WP10 - Enhancing protein annotation standards
Development of standardized annotation according to scientific needs, especially the exact description of the protein molecule, to which annotation actually applies - whenever this information is available.
Task 1: The standardization of the annotation of protein-protein interactions (PPIs) in UniProtKB/Swiss-Prot (D10.01).
As a result of a collaborative activity, binary PPIs with high confidence are imported automatically from IntAct into UniProtKB/Swiss-Prot CC INTERACTION lines, which were specifically created for this purpose. PPIs that are not yet covered by IntAct are manually annotated within the CC SUBUNIT blocks. In order to facilitate the extraction of binary interactions, we will modify the format of the CC INTERACTION blocks to cover both manually annotated and imported PPIs. The new format will allow the exact description of the proteins involved in the interaction, using the UniProtKB accession numbers, isoform identifiers (IsoIds) and feature identifiers (FTIds). The source of the information will be indicated in the form of PubMed identifiers corresponding to relevant publications. More than 111'000 CC SUBUNIT annotation blocks (Jan 2008) will have to be checked for binary interactions and relevant information transferred into the new CC INTERACTION block format. Tools will be developed to assist the format conversion in a semi-automated way. Annotation tools and various applications will be adapted accordingly.
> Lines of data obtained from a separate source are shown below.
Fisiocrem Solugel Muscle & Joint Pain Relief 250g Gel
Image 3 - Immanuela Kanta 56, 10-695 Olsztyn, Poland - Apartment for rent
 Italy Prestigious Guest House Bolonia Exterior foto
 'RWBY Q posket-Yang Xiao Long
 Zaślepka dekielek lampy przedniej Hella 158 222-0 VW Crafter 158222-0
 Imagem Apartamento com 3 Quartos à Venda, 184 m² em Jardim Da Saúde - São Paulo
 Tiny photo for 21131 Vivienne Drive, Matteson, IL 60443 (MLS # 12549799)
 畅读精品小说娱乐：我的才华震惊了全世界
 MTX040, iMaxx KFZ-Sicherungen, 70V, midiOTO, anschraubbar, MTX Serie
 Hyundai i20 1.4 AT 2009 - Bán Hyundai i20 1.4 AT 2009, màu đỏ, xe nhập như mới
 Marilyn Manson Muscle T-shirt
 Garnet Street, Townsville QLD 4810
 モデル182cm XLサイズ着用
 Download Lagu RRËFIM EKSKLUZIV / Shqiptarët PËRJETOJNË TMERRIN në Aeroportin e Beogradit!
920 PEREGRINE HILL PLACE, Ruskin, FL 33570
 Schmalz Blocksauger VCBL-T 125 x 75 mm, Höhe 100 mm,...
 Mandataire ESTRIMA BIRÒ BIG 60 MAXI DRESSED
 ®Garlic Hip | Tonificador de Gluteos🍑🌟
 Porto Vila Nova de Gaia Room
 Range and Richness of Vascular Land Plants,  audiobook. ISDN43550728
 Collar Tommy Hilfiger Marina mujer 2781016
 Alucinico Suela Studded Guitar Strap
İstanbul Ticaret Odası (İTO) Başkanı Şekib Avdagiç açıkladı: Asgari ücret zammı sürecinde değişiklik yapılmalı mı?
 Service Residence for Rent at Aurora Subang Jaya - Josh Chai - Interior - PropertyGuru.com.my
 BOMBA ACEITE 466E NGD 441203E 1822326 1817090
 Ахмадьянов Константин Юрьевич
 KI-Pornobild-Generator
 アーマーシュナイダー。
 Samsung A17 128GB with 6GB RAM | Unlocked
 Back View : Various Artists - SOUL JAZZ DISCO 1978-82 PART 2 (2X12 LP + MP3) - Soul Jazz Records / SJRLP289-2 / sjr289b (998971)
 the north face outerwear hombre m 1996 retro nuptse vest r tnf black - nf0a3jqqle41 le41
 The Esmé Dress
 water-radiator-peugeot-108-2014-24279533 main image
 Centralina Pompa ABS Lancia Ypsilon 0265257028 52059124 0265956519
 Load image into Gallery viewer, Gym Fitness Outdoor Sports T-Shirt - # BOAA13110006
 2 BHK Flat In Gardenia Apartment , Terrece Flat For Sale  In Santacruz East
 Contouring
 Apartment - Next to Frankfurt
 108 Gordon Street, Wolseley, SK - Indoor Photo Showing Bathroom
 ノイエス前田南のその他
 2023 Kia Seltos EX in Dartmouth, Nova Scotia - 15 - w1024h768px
The new format of the manually curated CC INTERACTION blocks is suitable for the import of data from UniProtKB/Swiss-Prot to other databases such as IntAct and it allows scientists an easy and unambiguous extraction of binary interactions from UniProtKB/Swiss-Prot.
Task 2: The development of naming standards for proteins (D10.02).
Consistent nomenclature is indispensable for communication, literature searching and entry retrieval. Many species-specific gene nomenclature committees have been established that try to assign consistent and, if possible, meaningful gene symbols. Other scientific communities have established protein nomenclatures for a set of proteins based on sequence similarity and/or function. But there is no established organization involved in the standardization of protein names, nor are there any efforts to establish naming rules that are valid across the largest spectrum of species possible. UniProt is constantly striving to further standardize the nomenclature for a given protein across related organisms. This is accomplished via protein family-driven annotation, through both manual and automated pipelines. This also involves the ongoing standardization of all the existing UniProtKB/Swiss-Prot protein names according to our guidelines. We strive to attribute a recommended name to all the proteins of UniProtKB/Swiss-Prot (cmp. WP05, Support offered in this project ).